Pemko Banjarmasin Hidupkan Lagi Budaya Mawarung dengan Sajian Kuliner Khas Banjar

Istimewa

KBRN, Banjarmasin: Destinasi wisata kuliner 'Mawarung Baimbai' di Kota Banjarmasin, secara resmi kembali beroperasi.

Simbolis pembukaan kembali lokasi wisata Kuliner Wasaka yang berlokasi di Bawah Jembatan Banua Anyar tersebut dilakukan oleh Sekretaris Daerah (Sekda) Kota Banjarmasin, Ikhsan Budiman, pada Sabtu (22/1) petang kemarin.

Wisata yahg dikelola oleh Kelompok Sadar Wisata (Pokdarwis) Sungai Jingah tersebut diketahui sudah hampir dua tahun berhenti beroperasi akibat adanya pandemi Covid-19 masuk ke Banjarmasin sejak Maret 2020 lalu.

Namun di kini lokasi yang menyuguhkan berbagai macam kuliner khas masyarakat Banjar tersebut bisa kembali dinikmati oleh masyarakat.

Kepala Dinas Kebudayaan dan Pariwisata (Disbudpar) Kota Banjarmasin, Ikhsan Alhak mengatakan, dibukanya kuliner Mawarung pada Sabtu dan Selasa sore itu diharapkan bisa kembali menggairahkan wisata di Banjarmasin sekaligus memperbaiki ekonomi masyarakat pasca pandemi covid,-19. 

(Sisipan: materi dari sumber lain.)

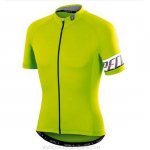 2016 Ropa Ciclismo Specialized Verde Blanco Manica Corta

"Dengan dibukanya destinasi wisata ini kita berharap masyarakat tetap konsisten menjaga protokol kesehatan, pedagang tetap jaga kebersihan dan selalu menggunakan maskernya," ucapnya saat dibincangi awak media.

Kendati demikian, ia tetap menekankan kepada para pengunjung yang mau datang ke Kuliner Wasaka menerapkan protokol kesehatan (prokes) yang ketat. 

Bukan tanpa alasan, hal itu demi mencegah terjadinya penyebaran Covid-19 yang sudah mulai mereda di Kota Seribu Sungai ini. 

"Seperti menggunakan masker, kemudian juga yang lainnya, pedagang juga harus pake masker, jadi pembeli juga tidak khawatir karena kebersihannya," pungkasnya. 

Sebelumnya, Sekda Kota Banjarmasin, Ikhsan Budiman menilai, kembalinya wisata kuliner wasaka ini adalah upaya mempertahankan budaya khas Banjar yang ada dalam bentuk sajian kuliner.

"Ini seperti melestarikan budaya Kalsel yang suka mawarung, disini warga bisa merasakan bagaimana budaya dahulu mawarung dengan aneka makanan bahari," ujar Iksan Budiman. 

Benar saja destinasi wisata kuliner yang tepat berada di area Museum Wasaka Banjarmasin itu terdapat pedagang yang menjual beraneka ragam makan khas Banjar dengan harga terjangkau. 

"Ada tadi keliling, kue masubah yang merupakan kue khas Banjar dan hanya ada di mawarung ini," ungkapnya

Selain itu, ia menambahkan makanan lainnya juga ada, seperti kakicak, lupis, surabi, putu mayang, lempeng, ulin-ulin, petah. 

Jenis lainnya yakni Ketupat Kandangan, lontong, soto, sate, mie bancir, bihun, buras, ketupat sayur, bakso dan aneka minuman dan es buah.